Reicht heutzutage ein Selbsttest, den die Mitarbeitenden zu Hause selbst vornehmen?
Das ist eine Frage des Vertrauens. Wer als Chef auf Nummer Sicher gehen will, kann aber auch Schnelltests unter Aufsicht im Betrieb verlangen.
Können die Betriebe den Mitarbeitern Anreize geben, sich impfen zu lassen?
Solche Impf-Boni sind grundsätzlich denkbar. Vor allem in Produktionsbetrieben kann für die Arbeitgeber die Notwendigkeit bestehen, die Belegschaft ohne hohen Krankenstand wieder in die Werkhalle zu bekommen. „Das Interesse, wieder Produktionsbedingungen wie vor der Pandemie zu schaffen, wiegt so hoch, dass Anreize hier gerechtfertigt sein dürften“, sagt Minge. Wenn ein Unternehmen dagegen mit dem Homeoffice bestens zurechtkommt, dann stellt sich die Lage zwar schon wieder anders dar – aber es gibt zu Impfanreizen noch keine wegweisenden Gerichtsentscheidungen. Arbeitgeber sollten aber andererseits Nachteile für Mitarbeitende vermeiden, die sich nicht impfen lassen mögen.
Dürfen Arbeitgeber Impfnachweise einfordern?
Die Abfrage ist nicht verboten, aber es handelt sich um eine Form von Gesundheitsdaten, die mit Vorsicht behandelt werden müssen. Es sollte Gründe geben, die ein Interesse des Arbeitgebers am Impfstatus rechtfertigen. „Als Arbeitgeber geht man den sicheren Weg, wenn man den Nachweis freiwillig ausgestaltet“, sagt Minge. Die Abfrage sollte sich im Rahmen des Erforderlichen bewegen und der Nachweis nur so lange wie unbedingt nötig gespeichert werden.
Welche Rolle sollen und können die Betriebsärzte spielen?
Viele Großunternehmen haben signalisiert, dass ihre Betriebsärzte die Impfung der eigenen Belegschaften übernehmen könnten. Das würde die Hausärzte und Impfzentren enorm entlasten. Zugleich könnten die beteiligten Unternehmen schnell eine hohe Impfquote erreichen.
Sollen Betriebe im Rahmen der Pandemiebekämpfung generell kostenlose Tests anbieten?

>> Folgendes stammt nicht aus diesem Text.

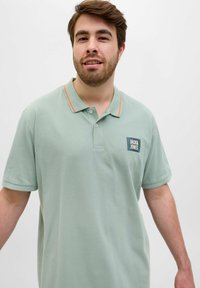 Heled roheline polo särk, mis on valmistatud puuvillast, kolmesuunalise nööbiplahvi, oranžide kaeluse aktsentide ja väikese logoplaadi ning rinnakilikla. 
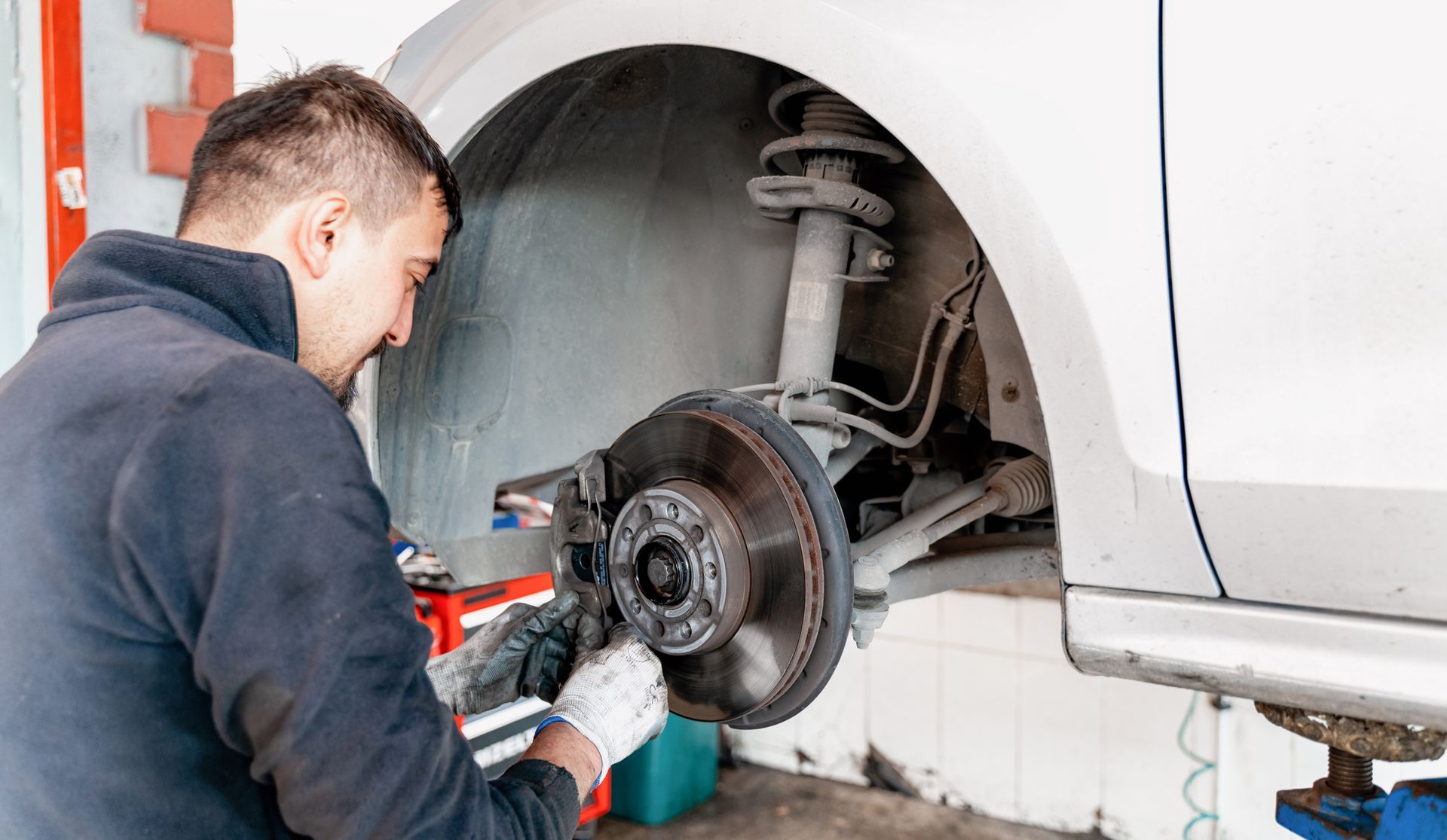 Car mechanic hands replace brakes in garage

Von der Politik ist eine solche Regel bisher nicht vorgesehen. Der Deutsche Gewerkschaftsbund fordert jedoch bereits Tests für Arbeitnehmer auf Firmenkosten. DGB-Chef Reiner Hoffmann begrüßt einen entsprechenden Appell der Wirtschaftsverbände an Unternehmen, das Testangebot auszuweiten: „Beschäftigten, die in Präsenz arbeiten, müssen kostenlose Tests angeboten werden.“
Unterliegen die Impfärzte der Schweigepflicht?
Ja. Die Arbeitnehmer können gegenüber dem Arzt Gründe anführen, die gegen die Impfung sprechen – auch, wenn der Arbeitgeber nichts von den Details wissen sollte.
Wer haftet für Impffehler im Betrieb?
Die Ärzte. „Der Arbeitgeber kann für Folgen der Injektion grundsätzlich nicht belangt werden“, sagt Minge. Daran ändert sich auch nichts, wenn der Betrieb Impfanreize setzt. Der Arbeitgeber ist dafür verantwortlich, den Impfarzt ordnungsgemäß auszuwählen – das Übrige läuft dann auf medizinischer Ebene.
Können Unternehmer und Freiberufler die Tests von der Steuer absetzen?
Ja. Es handelt sich um voll abzugsfähige Betriebsausgaben, wenn die Schnell- oder Selbsttests für die Tätigkeit wichtig sind.